- **What the task requires**
Every line from the one containing "RYCE ® Night" to the one containing "fashion printed touch" in the records below, both included, must be set down exactly, and no other line.

- **Data shown**
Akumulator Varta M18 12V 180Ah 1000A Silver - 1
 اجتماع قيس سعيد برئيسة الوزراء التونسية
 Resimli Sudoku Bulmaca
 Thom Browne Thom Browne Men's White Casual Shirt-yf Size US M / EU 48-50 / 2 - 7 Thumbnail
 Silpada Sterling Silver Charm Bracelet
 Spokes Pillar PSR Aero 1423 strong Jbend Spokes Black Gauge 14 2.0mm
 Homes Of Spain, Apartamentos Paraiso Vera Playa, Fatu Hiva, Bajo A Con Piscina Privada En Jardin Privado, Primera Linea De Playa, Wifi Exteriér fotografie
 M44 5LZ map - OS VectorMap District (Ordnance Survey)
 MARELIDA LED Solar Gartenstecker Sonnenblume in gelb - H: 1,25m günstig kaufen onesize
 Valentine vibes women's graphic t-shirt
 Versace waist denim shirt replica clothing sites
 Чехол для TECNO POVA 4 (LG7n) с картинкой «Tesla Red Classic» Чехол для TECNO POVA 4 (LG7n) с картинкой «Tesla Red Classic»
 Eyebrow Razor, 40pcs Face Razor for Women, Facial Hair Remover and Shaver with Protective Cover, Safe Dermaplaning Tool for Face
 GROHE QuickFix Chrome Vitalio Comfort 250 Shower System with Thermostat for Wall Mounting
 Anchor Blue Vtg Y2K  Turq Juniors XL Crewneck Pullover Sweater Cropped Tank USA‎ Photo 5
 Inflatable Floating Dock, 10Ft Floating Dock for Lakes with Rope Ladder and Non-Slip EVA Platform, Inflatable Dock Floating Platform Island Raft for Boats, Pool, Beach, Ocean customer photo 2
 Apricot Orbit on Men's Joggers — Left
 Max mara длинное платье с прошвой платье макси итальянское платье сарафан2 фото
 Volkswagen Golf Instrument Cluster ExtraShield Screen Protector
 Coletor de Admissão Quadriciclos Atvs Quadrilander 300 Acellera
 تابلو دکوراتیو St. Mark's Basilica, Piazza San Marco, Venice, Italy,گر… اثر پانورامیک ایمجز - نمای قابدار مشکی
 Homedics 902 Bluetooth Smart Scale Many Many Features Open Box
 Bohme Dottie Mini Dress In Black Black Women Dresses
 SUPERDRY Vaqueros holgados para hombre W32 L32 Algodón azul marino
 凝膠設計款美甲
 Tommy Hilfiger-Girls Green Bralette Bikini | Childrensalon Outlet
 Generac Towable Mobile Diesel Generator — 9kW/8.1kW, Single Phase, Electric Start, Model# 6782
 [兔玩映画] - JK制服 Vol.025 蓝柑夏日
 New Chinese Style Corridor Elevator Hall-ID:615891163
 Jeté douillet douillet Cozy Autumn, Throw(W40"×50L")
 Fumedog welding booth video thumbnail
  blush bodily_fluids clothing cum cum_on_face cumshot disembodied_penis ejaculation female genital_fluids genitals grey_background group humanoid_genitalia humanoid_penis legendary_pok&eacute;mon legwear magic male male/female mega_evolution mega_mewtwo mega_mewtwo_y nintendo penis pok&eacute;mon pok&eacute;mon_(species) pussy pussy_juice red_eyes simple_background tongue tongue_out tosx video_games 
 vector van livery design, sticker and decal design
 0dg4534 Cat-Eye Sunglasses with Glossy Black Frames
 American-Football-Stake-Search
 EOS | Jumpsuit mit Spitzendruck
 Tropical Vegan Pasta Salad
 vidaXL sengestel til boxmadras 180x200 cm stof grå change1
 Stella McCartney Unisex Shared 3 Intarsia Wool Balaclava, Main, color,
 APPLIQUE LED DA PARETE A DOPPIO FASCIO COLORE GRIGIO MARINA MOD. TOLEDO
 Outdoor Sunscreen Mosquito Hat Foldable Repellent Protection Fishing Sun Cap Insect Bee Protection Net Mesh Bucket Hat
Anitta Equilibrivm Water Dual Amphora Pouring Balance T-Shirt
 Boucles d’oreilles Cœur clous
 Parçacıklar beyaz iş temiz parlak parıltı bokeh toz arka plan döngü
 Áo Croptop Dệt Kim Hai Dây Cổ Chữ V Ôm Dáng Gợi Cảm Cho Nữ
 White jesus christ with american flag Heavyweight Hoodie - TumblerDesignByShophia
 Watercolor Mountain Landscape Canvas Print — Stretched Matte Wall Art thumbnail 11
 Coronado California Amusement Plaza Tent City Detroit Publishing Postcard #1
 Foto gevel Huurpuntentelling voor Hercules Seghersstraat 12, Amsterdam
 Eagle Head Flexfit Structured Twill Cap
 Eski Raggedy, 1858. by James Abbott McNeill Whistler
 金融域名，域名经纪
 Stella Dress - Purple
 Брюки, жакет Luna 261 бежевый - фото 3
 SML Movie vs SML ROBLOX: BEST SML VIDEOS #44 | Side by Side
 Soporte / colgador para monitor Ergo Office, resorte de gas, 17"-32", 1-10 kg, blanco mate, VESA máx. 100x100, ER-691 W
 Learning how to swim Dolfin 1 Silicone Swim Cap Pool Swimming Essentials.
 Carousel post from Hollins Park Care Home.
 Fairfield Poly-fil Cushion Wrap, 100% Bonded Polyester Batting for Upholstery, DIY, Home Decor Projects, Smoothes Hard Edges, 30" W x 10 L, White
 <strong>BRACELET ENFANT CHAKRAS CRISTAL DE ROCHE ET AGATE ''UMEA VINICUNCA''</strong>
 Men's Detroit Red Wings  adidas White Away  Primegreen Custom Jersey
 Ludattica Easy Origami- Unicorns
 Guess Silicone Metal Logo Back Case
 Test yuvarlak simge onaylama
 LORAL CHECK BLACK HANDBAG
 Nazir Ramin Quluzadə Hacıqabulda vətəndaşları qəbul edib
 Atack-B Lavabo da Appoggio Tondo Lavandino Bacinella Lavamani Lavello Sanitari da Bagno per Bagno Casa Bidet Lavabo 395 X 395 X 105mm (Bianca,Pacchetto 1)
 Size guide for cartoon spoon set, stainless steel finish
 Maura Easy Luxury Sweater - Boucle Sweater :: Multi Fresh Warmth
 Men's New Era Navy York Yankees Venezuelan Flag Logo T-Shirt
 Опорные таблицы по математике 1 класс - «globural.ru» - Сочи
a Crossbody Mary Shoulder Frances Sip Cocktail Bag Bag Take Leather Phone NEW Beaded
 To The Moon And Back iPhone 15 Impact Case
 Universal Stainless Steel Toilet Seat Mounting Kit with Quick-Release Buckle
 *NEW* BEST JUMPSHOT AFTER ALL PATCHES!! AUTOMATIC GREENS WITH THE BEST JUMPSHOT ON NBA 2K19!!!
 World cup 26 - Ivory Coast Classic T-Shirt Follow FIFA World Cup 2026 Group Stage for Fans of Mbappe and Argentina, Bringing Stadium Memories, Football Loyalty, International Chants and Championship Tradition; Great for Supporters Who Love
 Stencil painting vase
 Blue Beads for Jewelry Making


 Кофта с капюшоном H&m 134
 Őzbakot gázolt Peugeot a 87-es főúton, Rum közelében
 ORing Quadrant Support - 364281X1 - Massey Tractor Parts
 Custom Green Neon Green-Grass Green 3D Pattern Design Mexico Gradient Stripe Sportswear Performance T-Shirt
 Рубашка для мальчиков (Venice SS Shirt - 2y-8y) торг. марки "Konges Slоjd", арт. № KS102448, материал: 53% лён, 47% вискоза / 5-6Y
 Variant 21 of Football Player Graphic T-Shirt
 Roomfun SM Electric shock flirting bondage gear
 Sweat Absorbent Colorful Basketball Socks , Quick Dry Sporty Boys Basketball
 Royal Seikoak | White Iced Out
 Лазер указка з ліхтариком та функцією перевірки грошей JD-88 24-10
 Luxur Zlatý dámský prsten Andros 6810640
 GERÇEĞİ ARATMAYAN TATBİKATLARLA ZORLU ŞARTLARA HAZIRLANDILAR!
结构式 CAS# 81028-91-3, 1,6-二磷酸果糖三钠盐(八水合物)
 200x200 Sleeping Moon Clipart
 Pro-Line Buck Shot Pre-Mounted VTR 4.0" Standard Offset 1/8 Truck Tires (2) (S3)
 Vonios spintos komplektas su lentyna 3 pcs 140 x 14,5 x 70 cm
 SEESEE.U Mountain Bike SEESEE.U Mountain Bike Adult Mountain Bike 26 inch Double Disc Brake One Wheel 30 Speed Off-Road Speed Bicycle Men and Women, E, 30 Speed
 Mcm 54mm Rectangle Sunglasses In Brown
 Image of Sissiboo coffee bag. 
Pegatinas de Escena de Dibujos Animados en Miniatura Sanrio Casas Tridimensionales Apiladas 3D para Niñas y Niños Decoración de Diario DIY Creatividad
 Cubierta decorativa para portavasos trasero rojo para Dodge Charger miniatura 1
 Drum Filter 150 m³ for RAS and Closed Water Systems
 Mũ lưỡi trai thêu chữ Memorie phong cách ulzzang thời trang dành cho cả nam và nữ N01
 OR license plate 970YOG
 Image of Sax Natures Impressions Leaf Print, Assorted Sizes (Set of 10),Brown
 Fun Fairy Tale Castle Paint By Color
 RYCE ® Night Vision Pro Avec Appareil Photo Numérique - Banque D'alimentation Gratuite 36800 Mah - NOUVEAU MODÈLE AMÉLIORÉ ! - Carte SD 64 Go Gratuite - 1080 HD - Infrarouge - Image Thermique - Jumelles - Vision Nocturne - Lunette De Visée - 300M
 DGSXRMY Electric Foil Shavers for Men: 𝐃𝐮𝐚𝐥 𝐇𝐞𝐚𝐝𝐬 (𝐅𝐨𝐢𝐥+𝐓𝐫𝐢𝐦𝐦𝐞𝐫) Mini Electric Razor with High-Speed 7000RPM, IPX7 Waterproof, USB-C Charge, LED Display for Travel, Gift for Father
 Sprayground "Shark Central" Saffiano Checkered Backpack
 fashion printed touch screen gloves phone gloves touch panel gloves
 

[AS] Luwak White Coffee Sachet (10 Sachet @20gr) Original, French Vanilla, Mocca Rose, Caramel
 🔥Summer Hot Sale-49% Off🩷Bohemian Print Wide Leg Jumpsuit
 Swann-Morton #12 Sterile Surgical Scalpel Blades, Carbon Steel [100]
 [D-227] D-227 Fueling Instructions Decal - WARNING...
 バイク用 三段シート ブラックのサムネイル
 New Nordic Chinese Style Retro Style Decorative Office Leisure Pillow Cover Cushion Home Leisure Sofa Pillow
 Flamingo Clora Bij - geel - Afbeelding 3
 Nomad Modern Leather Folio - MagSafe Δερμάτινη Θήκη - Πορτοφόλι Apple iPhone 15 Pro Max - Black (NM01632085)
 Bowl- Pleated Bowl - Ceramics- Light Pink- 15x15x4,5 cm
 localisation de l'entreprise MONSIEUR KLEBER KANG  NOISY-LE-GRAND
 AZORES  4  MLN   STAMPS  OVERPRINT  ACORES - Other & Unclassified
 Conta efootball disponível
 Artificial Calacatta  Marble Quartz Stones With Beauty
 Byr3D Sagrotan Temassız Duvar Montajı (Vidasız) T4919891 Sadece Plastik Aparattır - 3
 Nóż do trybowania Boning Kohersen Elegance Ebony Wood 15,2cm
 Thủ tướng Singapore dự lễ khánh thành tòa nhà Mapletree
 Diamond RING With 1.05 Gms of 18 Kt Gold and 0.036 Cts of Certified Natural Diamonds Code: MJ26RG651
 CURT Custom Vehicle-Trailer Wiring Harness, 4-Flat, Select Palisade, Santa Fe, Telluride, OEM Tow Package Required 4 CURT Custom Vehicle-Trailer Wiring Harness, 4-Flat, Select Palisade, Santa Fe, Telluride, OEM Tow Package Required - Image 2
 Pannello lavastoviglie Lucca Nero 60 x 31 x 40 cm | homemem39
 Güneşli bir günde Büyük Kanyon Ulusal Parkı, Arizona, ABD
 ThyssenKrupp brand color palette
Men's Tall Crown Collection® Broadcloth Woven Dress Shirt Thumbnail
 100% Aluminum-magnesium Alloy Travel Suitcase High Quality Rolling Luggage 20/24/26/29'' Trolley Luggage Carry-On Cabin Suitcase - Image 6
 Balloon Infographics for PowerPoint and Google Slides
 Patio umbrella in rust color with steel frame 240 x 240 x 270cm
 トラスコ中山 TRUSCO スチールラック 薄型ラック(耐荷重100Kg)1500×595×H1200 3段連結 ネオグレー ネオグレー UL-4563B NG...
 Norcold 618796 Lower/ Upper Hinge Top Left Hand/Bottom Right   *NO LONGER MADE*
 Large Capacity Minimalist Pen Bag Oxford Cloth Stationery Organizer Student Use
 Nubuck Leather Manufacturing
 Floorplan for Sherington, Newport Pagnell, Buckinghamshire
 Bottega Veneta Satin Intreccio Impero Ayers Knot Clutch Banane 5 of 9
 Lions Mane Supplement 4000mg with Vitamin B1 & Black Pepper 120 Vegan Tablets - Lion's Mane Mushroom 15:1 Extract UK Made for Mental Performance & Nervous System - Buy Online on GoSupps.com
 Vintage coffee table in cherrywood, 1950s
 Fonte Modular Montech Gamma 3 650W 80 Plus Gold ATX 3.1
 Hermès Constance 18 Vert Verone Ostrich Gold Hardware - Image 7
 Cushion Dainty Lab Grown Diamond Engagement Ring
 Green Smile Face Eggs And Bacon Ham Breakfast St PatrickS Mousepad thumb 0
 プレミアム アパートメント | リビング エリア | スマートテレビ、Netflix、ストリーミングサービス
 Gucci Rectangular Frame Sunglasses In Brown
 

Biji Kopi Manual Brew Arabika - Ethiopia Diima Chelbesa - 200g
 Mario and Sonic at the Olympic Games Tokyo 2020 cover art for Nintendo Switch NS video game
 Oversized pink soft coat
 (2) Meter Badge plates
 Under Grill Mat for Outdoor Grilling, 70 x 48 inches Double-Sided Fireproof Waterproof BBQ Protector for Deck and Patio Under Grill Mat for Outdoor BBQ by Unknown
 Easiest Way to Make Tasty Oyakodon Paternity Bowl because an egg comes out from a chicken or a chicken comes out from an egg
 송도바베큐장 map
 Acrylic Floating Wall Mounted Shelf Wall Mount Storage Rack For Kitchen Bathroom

- **Solution for this task**
 RYCE ® Night Vision Pro Avec Appareil Photo Numérique - Banque D'alimentation Gratuite 36800 Mah - NOUVEAU MODÈLE AMÉLIORÉ ! - Carte SD 64 Go Gratuite - 1080 HD - Infrarouge - Image Thermique - Jumelles - Vision Nocturne - Lunette De Visée - 300M
 DGSXRMY Electric Foil Shavers for Men: 𝐃𝐮𝐚𝐥 𝐇𝐞𝐚𝐝𝐬 (𝐅𝐨𝐢𝐥+𝐓𝐫𝐢𝐦𝐦𝐞𝐫) Mini Electric Razor with High-Speed 7000RPM, IPX7 Waterproof, USB-C Charge, LED Display for Travel, Gift for Father
 Sprayground "Shark Central" Saffiano Checkered Backpack
 fashion printed touch screen gloves phone gloves touch panel gloves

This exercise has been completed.